Nothing but the lines below between the line holding "Mercado: Marathón anuncia" and the line holding "Bicycle Desk Lamp Arhaus", inclusive, should appear in the answer, each set down exactly.

*** DATA FOR THIS EXERCISE Section Begins ***

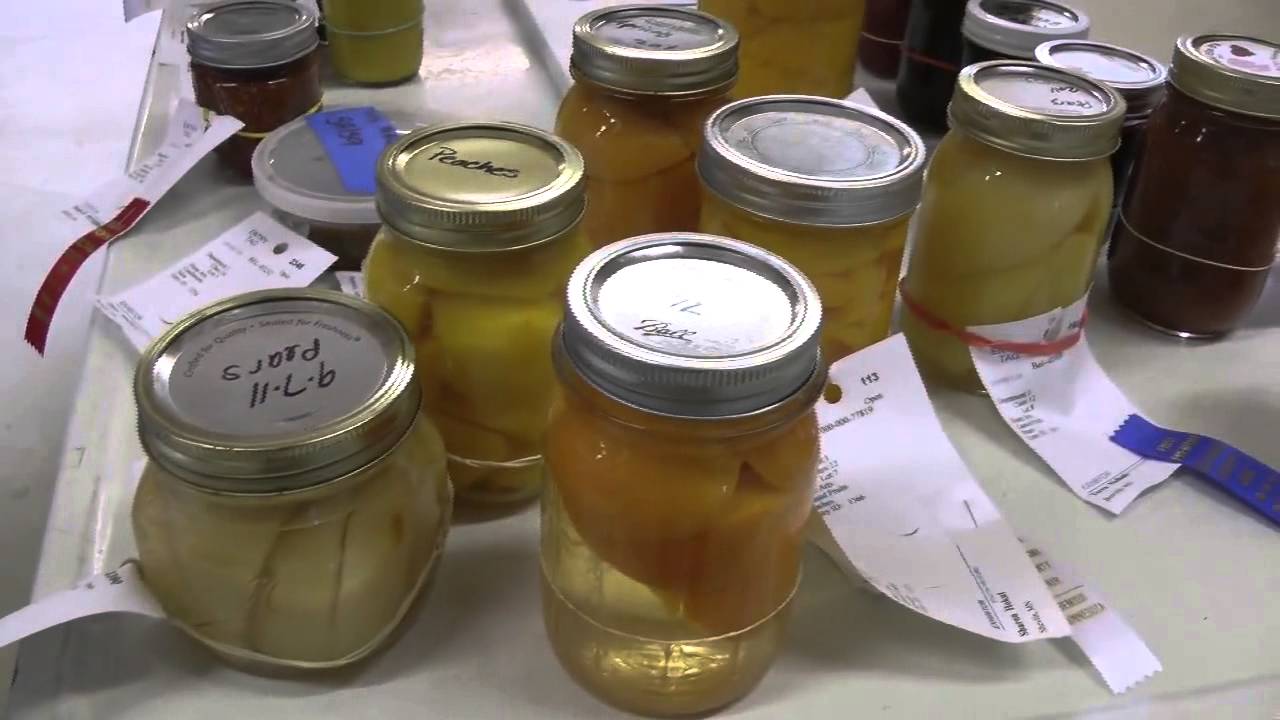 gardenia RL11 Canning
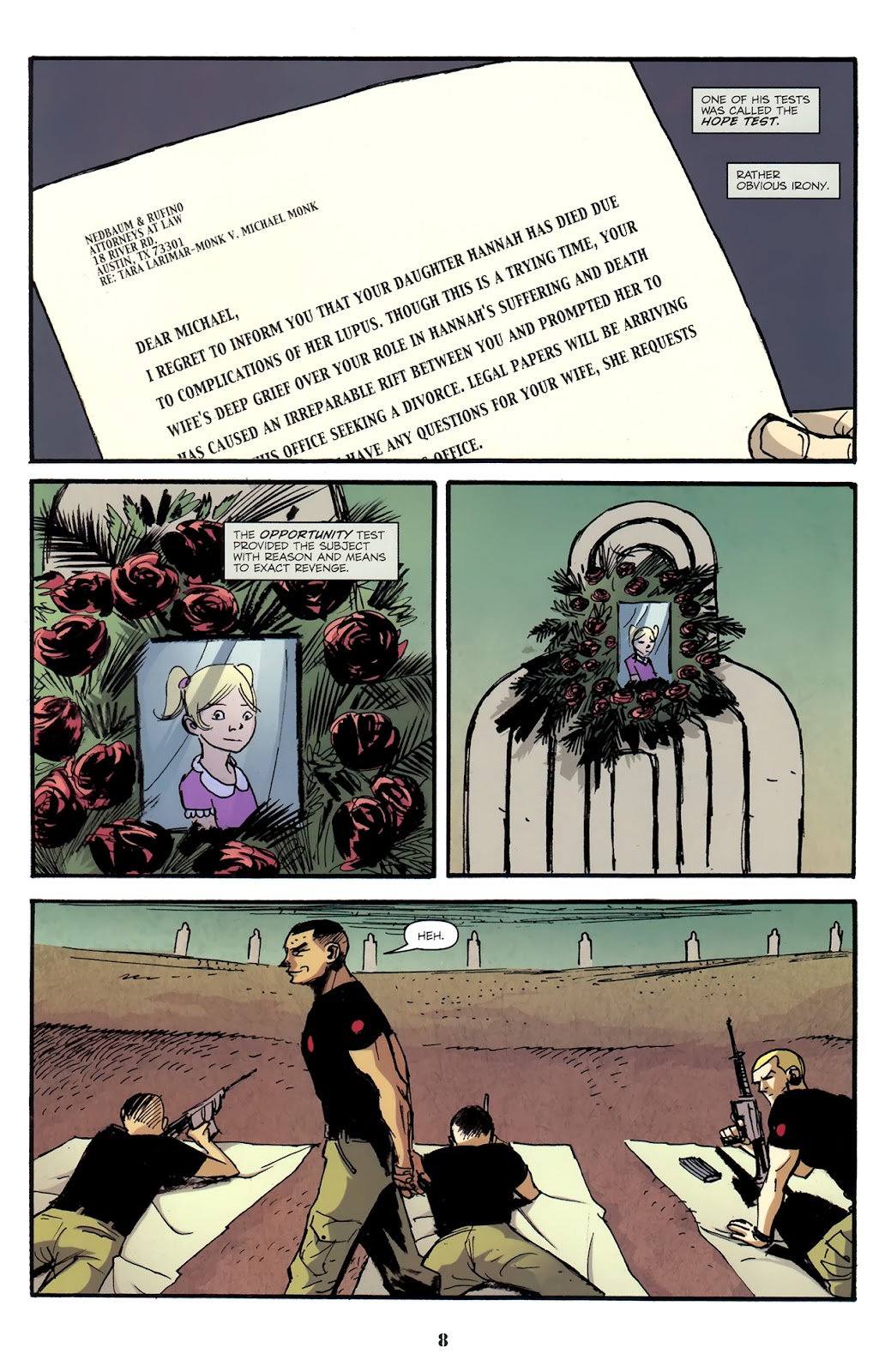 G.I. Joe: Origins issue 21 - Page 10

*** DATA FOR THIS EXERCISE Section Ends ***
*** DATA FOR THIS EXERCISE Section Begins ***

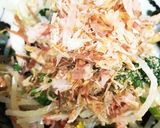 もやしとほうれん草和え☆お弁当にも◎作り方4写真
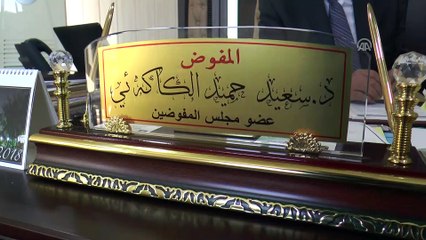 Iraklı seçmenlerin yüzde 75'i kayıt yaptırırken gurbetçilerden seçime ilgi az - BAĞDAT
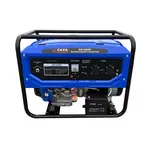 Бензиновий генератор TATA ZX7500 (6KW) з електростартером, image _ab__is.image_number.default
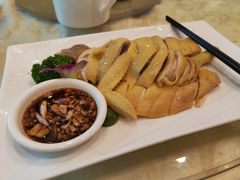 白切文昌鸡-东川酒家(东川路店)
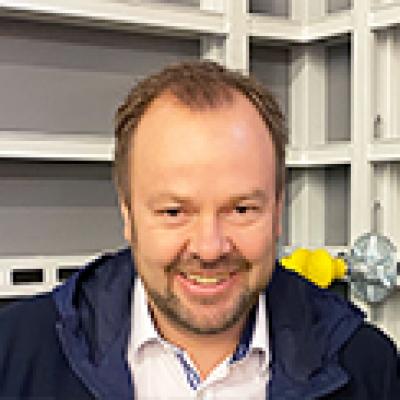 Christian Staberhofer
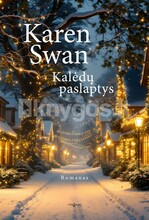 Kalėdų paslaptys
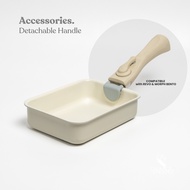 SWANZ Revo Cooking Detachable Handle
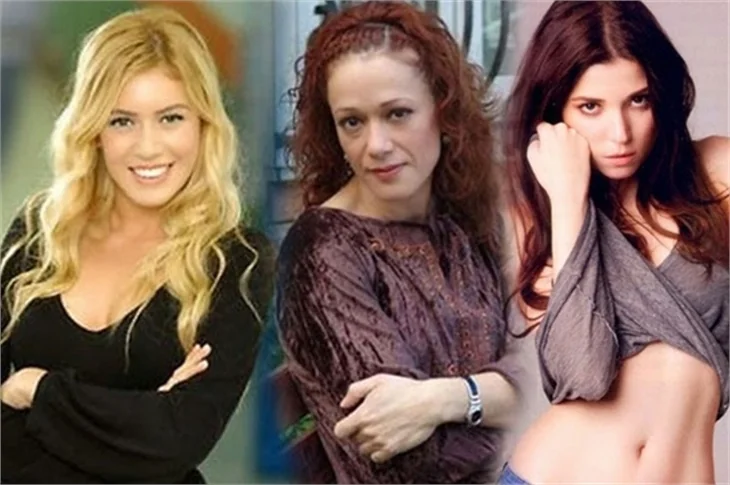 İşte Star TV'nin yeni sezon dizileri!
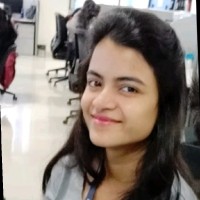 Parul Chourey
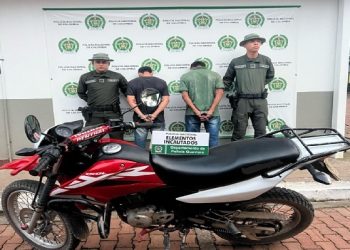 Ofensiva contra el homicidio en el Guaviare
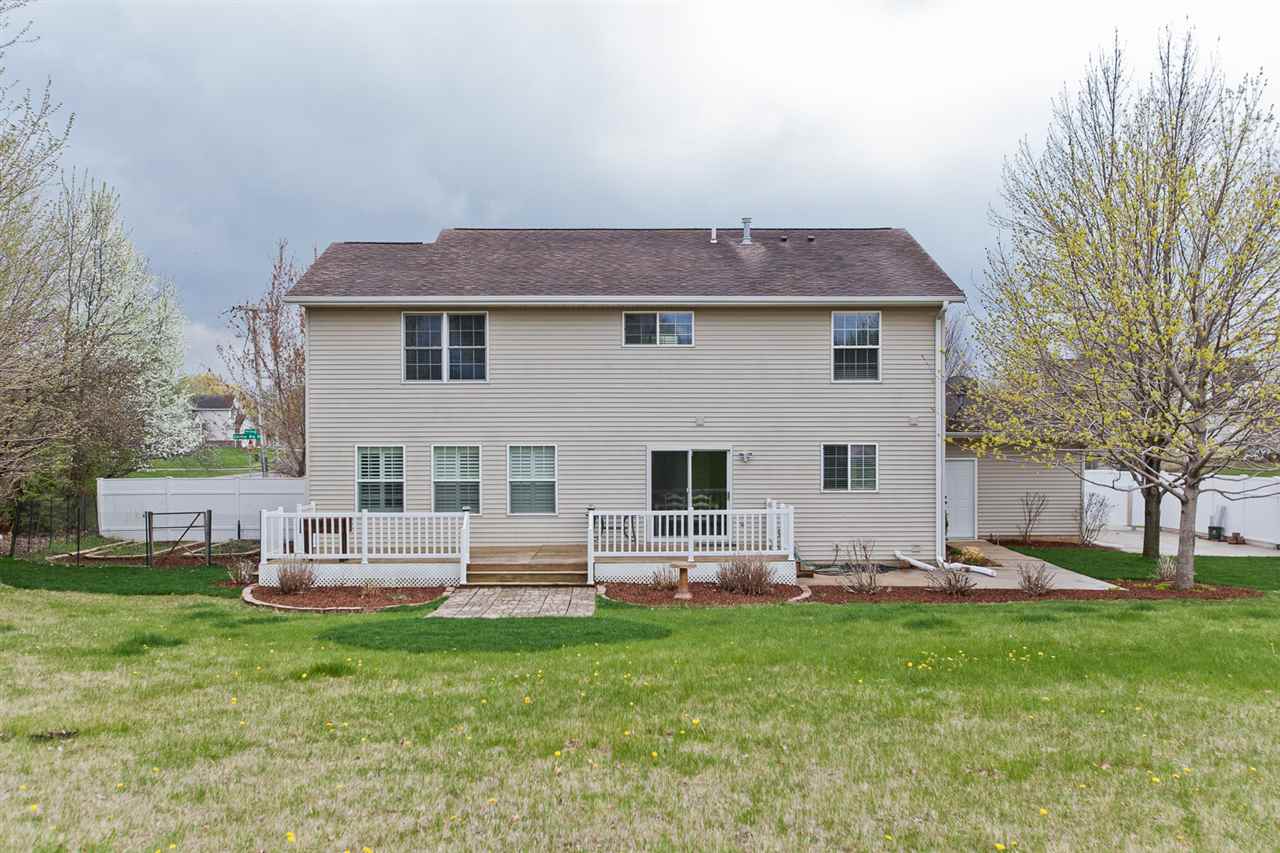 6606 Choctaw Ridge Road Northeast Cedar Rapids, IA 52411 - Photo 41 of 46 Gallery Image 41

*** DATA FOR THIS EXERCISE Section Ends ***
*** DATA FOR THIS EXERCISE Section Begins ***

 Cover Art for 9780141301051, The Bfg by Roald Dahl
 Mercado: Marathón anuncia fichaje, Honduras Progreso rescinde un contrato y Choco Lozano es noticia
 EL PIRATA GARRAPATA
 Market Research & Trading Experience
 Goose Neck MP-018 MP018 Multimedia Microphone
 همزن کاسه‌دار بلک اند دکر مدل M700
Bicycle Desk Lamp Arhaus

*** DATA FOR THIS EXERCISE Section Ends ***

• OUTPUT FOR THIS EXERCISE:
 Mercado: Marathón anuncia fichaje, Honduras Progreso rescinde un contrato y Choco Lozano es noticia
 EL PIRATA GARRAPATA
 Market Research & Trading Experience
 Goose Neck MP-018 MP018 Multimedia Microphone
 همزن کاسه‌دار بلک اند دکر مدل M700
Bicycle Desk Lamp Arhaus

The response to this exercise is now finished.